_Task input:_
※
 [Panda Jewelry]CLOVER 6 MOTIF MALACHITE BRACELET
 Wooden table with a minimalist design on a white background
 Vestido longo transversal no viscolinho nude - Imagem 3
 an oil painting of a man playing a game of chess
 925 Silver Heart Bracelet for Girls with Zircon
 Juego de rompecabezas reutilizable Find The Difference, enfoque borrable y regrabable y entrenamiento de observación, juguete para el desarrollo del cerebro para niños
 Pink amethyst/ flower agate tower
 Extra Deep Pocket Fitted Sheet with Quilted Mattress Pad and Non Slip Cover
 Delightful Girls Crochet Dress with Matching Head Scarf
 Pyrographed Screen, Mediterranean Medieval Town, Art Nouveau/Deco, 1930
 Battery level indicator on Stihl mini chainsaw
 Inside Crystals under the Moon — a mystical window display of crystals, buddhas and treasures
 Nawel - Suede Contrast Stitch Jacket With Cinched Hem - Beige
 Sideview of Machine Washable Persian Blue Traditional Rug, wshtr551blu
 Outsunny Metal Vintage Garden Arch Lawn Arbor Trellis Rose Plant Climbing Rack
※
Your reply should contain each entry, copied without alteration.

_Output for this exercise:_
 [Panda Jewelry]CLOVER 6 MOTIF MALACHITE BRACELET
 Wooden table with a minimalist design on a white background
 Vestido longo transversal no viscolinho nude - Imagem 3
 an oil painting of a man playing a game of chess
 925 Silver Heart Bracelet for Girls with Zircon
 Juego de rompecabezas reutilizable Find The Difference, enfoque borrable y regrabable y entrenamiento de observación, juguete para el desarrollo del cerebro para niños
 Pink amethyst/ flower agate tower
 Extra Deep Pocket Fitted Sheet with Quilted Mattress Pad and Non Slip Cover
 Delightful Girls Crochet Dress with Matching Head Scarf
 Pyrographed Screen, Mediterranean Medieval Town, Art Nouveau/Deco, 1930
 Battery level indicator on Stihl mini chainsaw
 Inside Crystals under the Moon — a mystical window display of crystals, buddhas and treasures
 Nawel - Suede Contrast Stitch Jacket With Cinched Hem - Beige
 Sideview of Machine Washable Persian Blue Traditional Rug, wshtr551blu
 Outsunny Metal Vintage Garden Arch Lawn Arbor Trellis Rose Plant Climbing Rack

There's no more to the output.